══ Given data

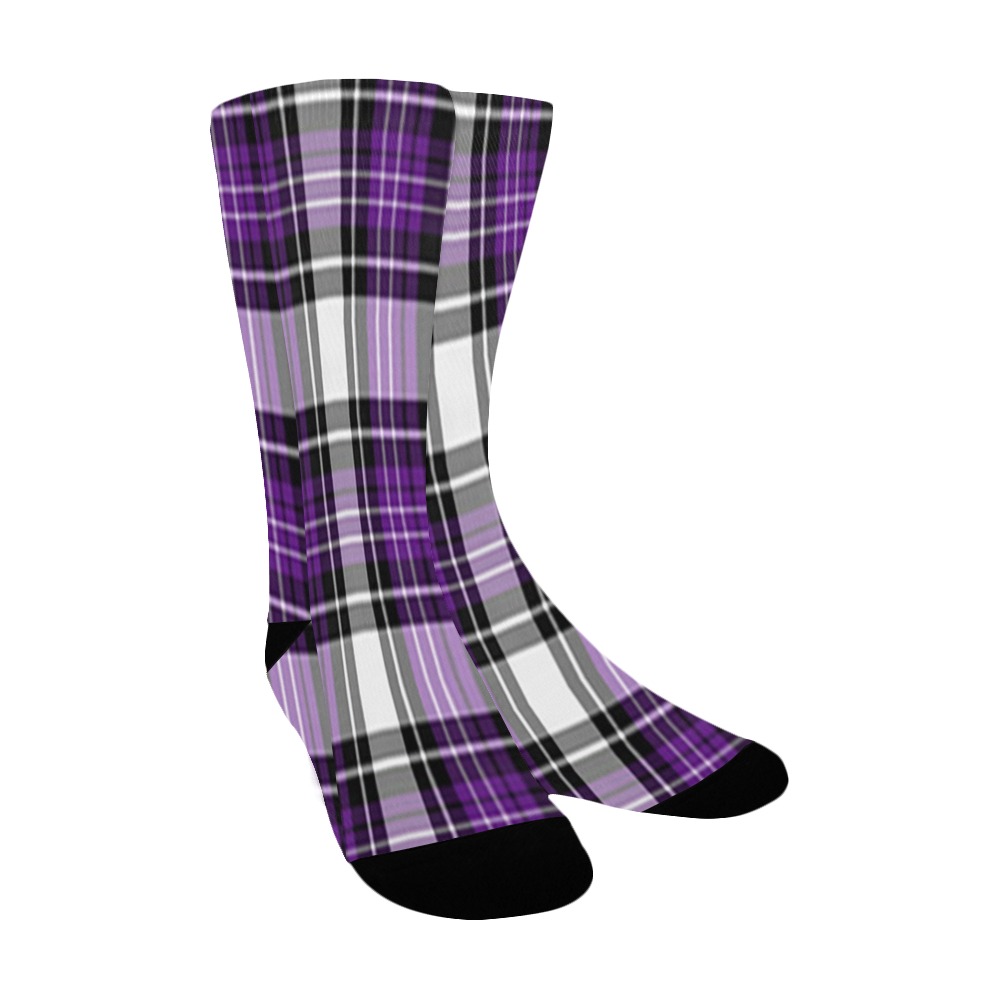 Purple Black Plaid Women's Custom Socks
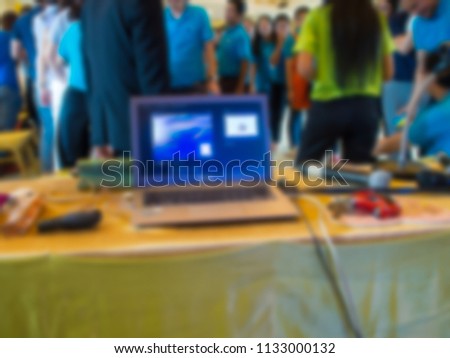 Meetings and activities, walk rally, recreation activities, walk rally activities to create relationships. To the staff in the agency.Optimize performance. Abstract image blur.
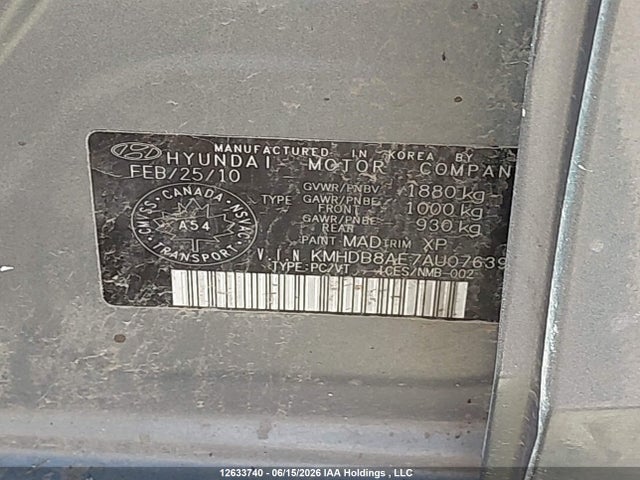 2010 Hyundai Elantra Touring Gl მანქანა იყიდება აუქციონზე, vin: KMHDB8AE7AU076390, აუქციონის ნომერი: 12633740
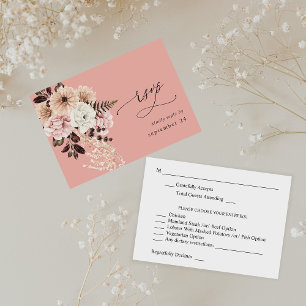 Beige & Blush Pink Rustic w Meal RSVP - Pink Card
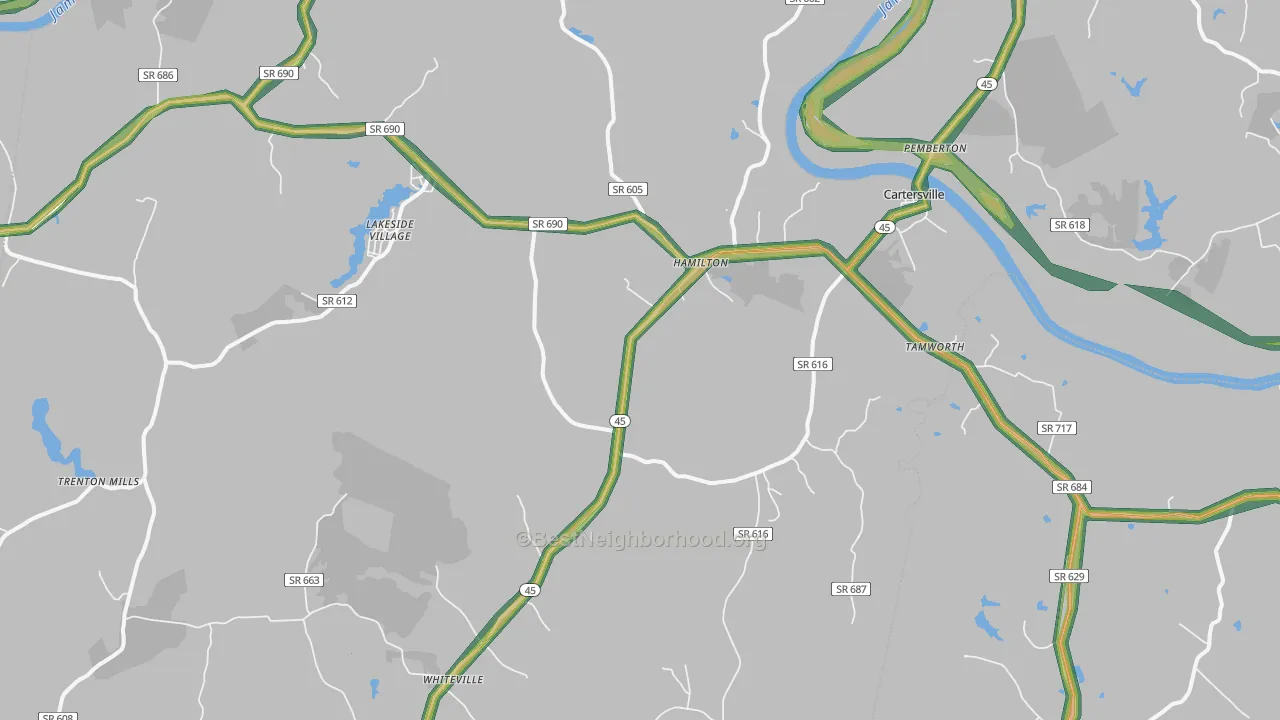 Cartersville, VA Map of Noise Levels in Cartersville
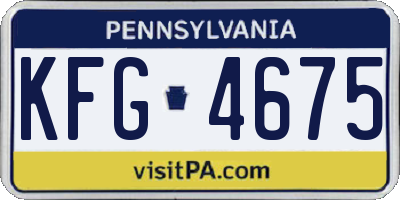 PA license plate KFG4675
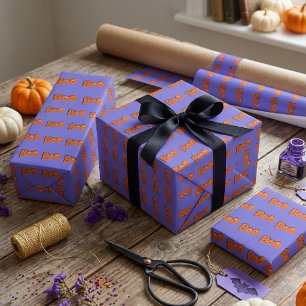 Hey Boo Habe ich dich erschreckt Typografie Zeichn Geschenkpapier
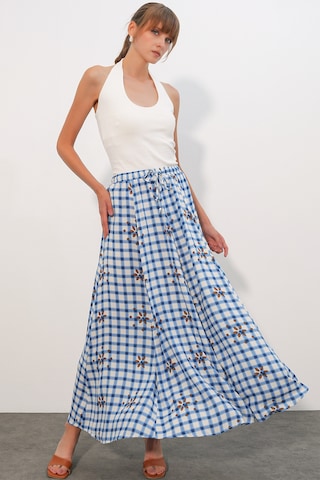 Bigdart Kadın Kare Desenli Uzun Etek 8065 - Mavi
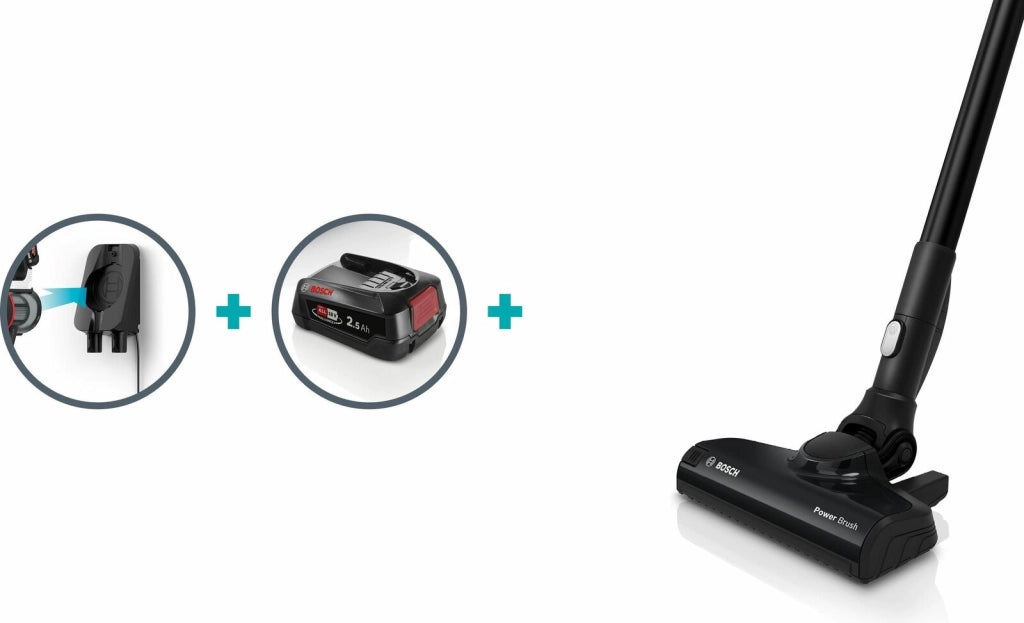 Bosch BBS611LAG Serie 6 Aspirapolvere a Bastone 2 in 1 Senza Sacchetto 0.3 L Batteria 18V 2.5 Ah autonomia 30 min colore Blu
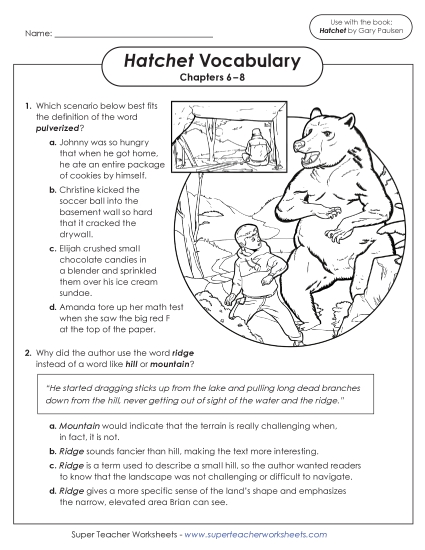 New Vocabulary Questions (Chapters 6–8) Worksheet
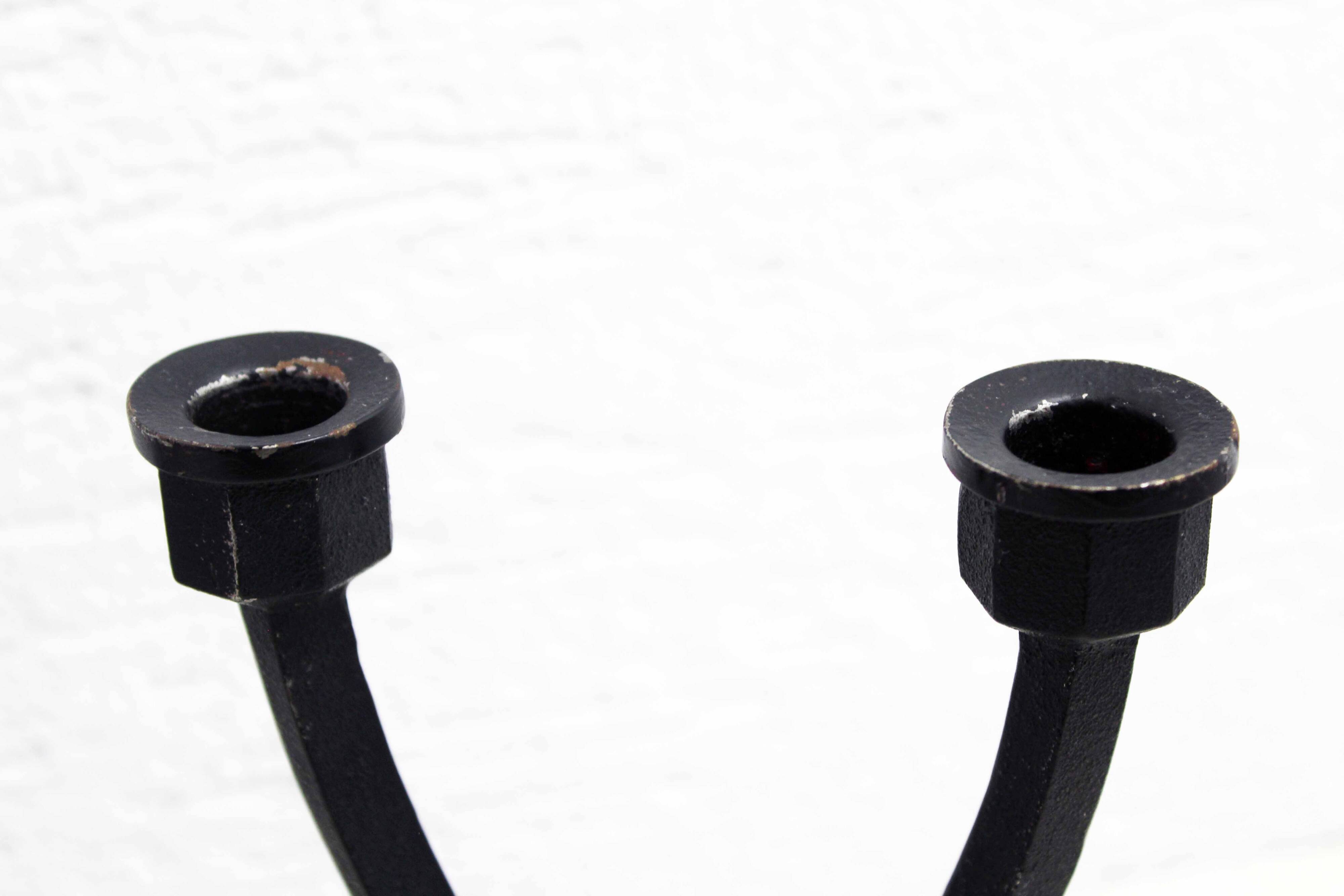 Pair of Scandinavian cast iron candlesticks 1970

════

Work request. Could you print all of the entries above exactly as written, minus the pictures?

Answer area.
 Purple Black Plaid Women's Custom Socks
 Meetings and activities, walk rally, recreation activities, walk rally activities to create relationships. To the staff in the agency.Optimize performance. Abstract image blur.
 2010 Hyundai Elantra Touring Gl მანქანა იყიდება აუქციონზე, vin: KMHDB8AE7AU076390, აუქციონის ნომერი: 12633740
 Beige & Blush Pink Rustic w Meal RSVP - Pink Card
 Cartersville, VA Map of Noise Levels in Cartersville
 PA license plate KFG4675
 Hey Boo Habe ich dich erschreckt Typografie Zeichn Geschenkpapier
 Bigdart Kadın Kare Desenli Uzun Etek 8065 - Mavi
 Bosch BBS611LAG Serie 6 Aspirapolvere a Bastone 2 in 1 Senza Sacchetto 0.3 L Batteria 18V 2.5 Ah autonomia 30 min colore Blu
 New Vocabulary Questions (Chapters 6–8) Worksheet
 Pair of Scandinavian cast iron candlesticks 1970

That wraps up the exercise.